- What is required -
Only the lines below starting at the one containing "The loft overlooks" and ending at the one containing "BBC Ieuan Crump" belong in the answer, each copied exactly.

- Stored items from a collection -
════════

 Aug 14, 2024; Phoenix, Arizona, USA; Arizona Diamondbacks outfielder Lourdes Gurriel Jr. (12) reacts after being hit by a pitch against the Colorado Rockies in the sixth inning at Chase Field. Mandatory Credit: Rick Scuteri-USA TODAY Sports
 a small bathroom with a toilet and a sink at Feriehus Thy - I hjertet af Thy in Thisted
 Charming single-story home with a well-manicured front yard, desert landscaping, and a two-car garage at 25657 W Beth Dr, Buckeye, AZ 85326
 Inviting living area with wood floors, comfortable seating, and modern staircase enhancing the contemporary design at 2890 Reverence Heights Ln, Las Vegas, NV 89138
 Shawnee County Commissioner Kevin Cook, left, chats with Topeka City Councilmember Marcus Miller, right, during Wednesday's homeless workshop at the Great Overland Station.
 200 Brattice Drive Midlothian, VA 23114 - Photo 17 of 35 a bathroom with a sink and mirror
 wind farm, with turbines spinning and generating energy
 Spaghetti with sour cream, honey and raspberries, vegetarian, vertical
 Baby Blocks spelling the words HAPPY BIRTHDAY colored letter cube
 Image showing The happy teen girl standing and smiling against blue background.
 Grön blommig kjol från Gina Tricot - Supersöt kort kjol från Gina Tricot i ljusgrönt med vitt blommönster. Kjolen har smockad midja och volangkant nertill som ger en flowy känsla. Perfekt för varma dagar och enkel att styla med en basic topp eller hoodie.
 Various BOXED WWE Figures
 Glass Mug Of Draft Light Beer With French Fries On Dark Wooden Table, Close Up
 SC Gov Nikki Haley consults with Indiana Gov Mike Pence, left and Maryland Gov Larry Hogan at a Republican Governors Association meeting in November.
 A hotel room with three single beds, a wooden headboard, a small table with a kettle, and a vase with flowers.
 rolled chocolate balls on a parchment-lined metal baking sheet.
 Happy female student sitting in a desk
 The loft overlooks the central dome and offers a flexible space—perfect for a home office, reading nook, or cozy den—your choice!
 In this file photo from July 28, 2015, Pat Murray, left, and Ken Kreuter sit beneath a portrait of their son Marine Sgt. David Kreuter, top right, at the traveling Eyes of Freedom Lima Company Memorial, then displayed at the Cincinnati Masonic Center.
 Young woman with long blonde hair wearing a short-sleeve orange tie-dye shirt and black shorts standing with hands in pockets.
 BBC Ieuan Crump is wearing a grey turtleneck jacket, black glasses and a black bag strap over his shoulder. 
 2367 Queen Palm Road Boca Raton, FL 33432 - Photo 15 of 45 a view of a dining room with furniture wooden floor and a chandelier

════════

- Written response -
 The loft overlooks the central dome and offers a flexible space—perfect for a home office, reading nook, or cozy den—your choice!
 In this file photo from July 28, 2015, Pat Murray, left, and Ken Kreuter sit beneath a portrait of their son Marine Sgt. David Kreuter, top right, at the traveling Eyes of Freedom Lima Company Memorial, then displayed at the Cincinnati Masonic Center.
 Young woman with long blonde hair wearing a short-sleeve orange tie-dye shirt and black shorts standing with hands in pockets.
 BBC Ieuan Crump is wearing a grey turtleneck jacket, black glasses and a black bag strap over his shoulder. 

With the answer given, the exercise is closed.